Work task:
From the line containing "Driving in Snow Storm in Minnesota - YouTube" to the last line of the records, reproduce every line exactly and print nothing else.

===== Task data

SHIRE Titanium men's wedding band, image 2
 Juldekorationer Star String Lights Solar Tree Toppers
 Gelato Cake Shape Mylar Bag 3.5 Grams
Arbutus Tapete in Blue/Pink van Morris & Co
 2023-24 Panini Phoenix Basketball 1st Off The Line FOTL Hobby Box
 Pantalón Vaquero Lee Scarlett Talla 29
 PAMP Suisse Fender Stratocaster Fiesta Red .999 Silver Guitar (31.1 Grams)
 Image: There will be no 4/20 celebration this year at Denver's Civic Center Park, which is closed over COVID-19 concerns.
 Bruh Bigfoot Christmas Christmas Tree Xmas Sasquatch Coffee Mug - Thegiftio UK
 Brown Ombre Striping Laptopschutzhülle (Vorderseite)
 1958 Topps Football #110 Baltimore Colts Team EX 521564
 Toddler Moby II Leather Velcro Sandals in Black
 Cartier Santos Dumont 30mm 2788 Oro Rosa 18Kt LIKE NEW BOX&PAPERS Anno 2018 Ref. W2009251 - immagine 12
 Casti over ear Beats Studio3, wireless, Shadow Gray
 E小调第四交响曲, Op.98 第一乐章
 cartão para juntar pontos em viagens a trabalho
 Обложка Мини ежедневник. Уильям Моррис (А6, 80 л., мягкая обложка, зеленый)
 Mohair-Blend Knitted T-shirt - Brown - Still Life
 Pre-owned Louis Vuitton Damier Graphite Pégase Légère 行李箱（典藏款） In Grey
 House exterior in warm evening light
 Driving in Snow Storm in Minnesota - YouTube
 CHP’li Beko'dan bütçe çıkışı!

==========

Reply to the task:
 Driving in Snow Storm in Minnesota - YouTube
 CHP’li Beko'dan bütçe çıkışı!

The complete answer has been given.